What is SOA?
We in the IT industry in very real danger right now of destroying the value of Service Orientation. There is too much assmption that SO(A) is Web Services (WS). In many arenas, you’ll even hear the two terms used almost interchangeably. Many companies and vendors are adding the term SOA into almost every marketing brochure and web page that they own in order to catch onto the coat-tails of this new buzz-term. This is very dangerous for two reasons:
- Nobody has yet clearly and universally defined what SOA is
- By muddying this term with too much spin, we'll loose the essence and value of what we're trying to promote.
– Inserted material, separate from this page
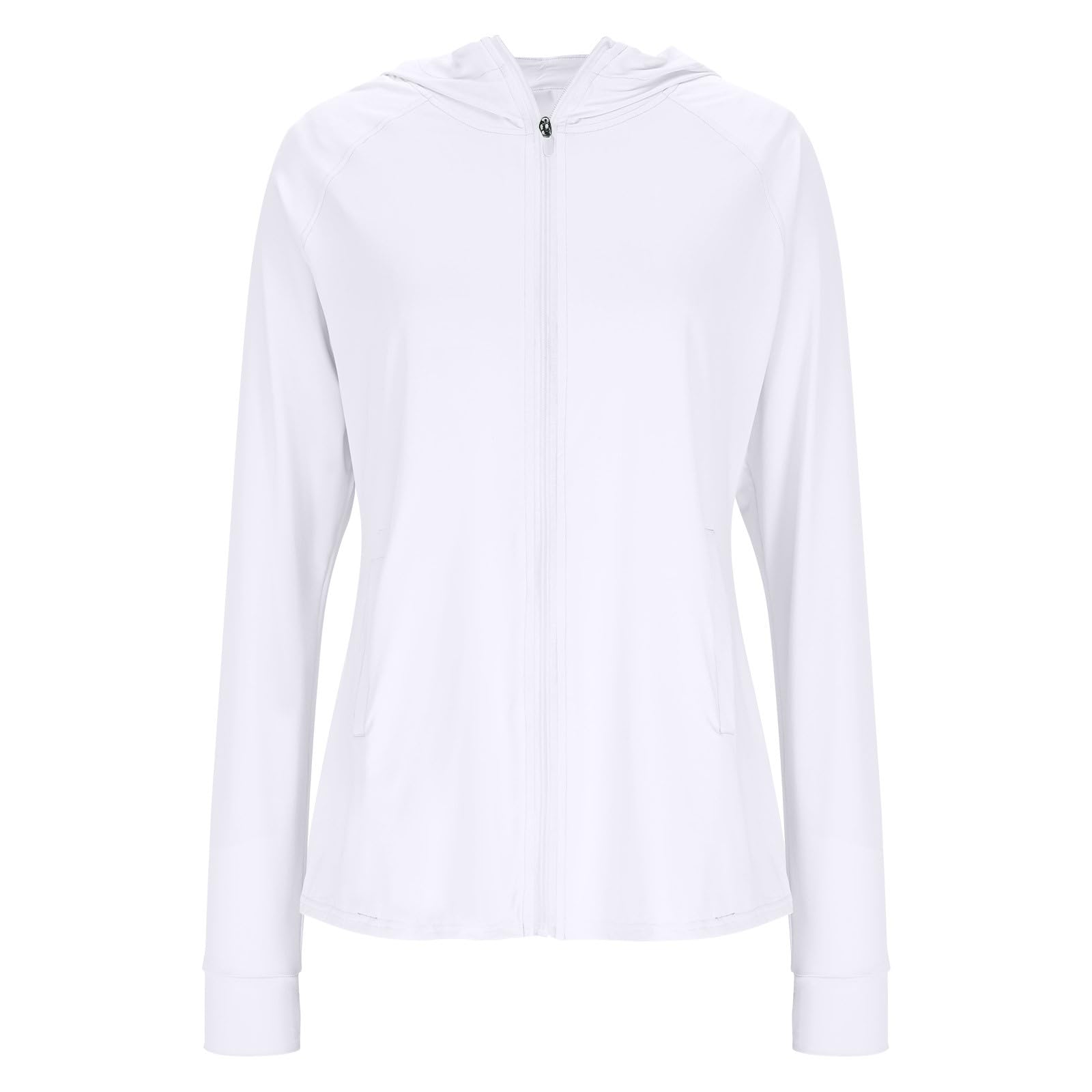 Chaqueta de correr para mujer, con protección solar UPF 50+, con capucha, de secado rápido, con cremallera, ligera, atlética, protección UV, bolsillos, para senderismo, pesca, con agujero para el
SOA… what does it mean? Can you find two definitions that agree? I can’t! Is it Service Oriented Architecture? Applications? Analysis? Aardvaarks? I don’t know and I am pretty sure that there are few others who can successfully elucidate a generally accepted definition. This is why we don’t use the term SOA and opt instead for “Service Orientation” (SO). We’re not trying to change the game here – we’re trying to say what the game is in terms that are relevant to the real-world and can be applied to real problems and situations.
SO is a “pure abstract” design and architectural concept that talks just about the goals we want to achieve when building systems that are less prone to the multitude of issues that plague distributed systems today. These are just a few of the goals that SO is trying to deliver:
- Assume a "Sphere of Control": We need to actively understand what portion of our systems we have control and influence over. We can only control so much, and yet today, we (inadvertantly or deliberately) make all kinds of assumptions and build-in all manner of dependencies around the ability of others to support given protocols, levels of reliability, etc. What if they can't / don't do what we need? Outside our sphere of control, we can trust no-one and should plan accordingly.
- Minimize the impact of choices: Today, we have to make hard decisions around how to achieve the highest levels of performance, security, interoperability, availability, etc., but have to sacrifice too much in order to. We shouldn't have to make so many hard choices. We should be free to architect our systems once and, so long as the design is sound, we should be able to change transports, protocols, security mechanisms, etc., without requiring change to the implementation of a service.
- Interop, Transports and Protocols: "How will we provide access to our <insert platform of choice here> based system from other platforms? Will we provide bridges and translators or dumb-down our systems to the lowest common denominator?" In the future, our systems should be able to expose their capabilities via a number of transports and protocols without requiring code/implementation change, and where possible, requiring little/no administrative effort!
- Autonomy & Coupling: How “independent” are the services within your system? Today we build systems that (despite best efforts) often end up as tightly coupled intertwined complex monsters. We’re aiming to build services that are independent and maintain the data and processes necessary for their successful operation and are yet highly co-operative with other systems in their environment
- Resilience & Availability: How does a system deal with failure, both within its sphere of control and beyond? What happens if a service on which you depend for part of your operations crashes unexpectedly? In SO systems, we aim to be able to gracefully detect and handle such problems in a manner that is recoverable and does not crash our own system.
- Performance: Which parts of which platform should I use in order to achieve the desired levels of performance? If I choose to make my service interoperable, does that mean I have to sacrifice performance? These are the kinds of choices we shouldn’t have to make and ones which will be decreasingly important as platform vendors deliver technologies that make it easier to compose systems built on their platforms.
There are many other such considerations, but it's these kinds of issues that SO aims to resolve. Designing with an SO mindset helps us take fewer limitations introduced by having to make technology/implementation choices too early in the design process by giving us more flexibility and freedom.
SO is all about designing and building distributed, connected systems the right way and the further away from this goal we travel, the less likely it is that we'll arrive at our destination. Let's get back on-track!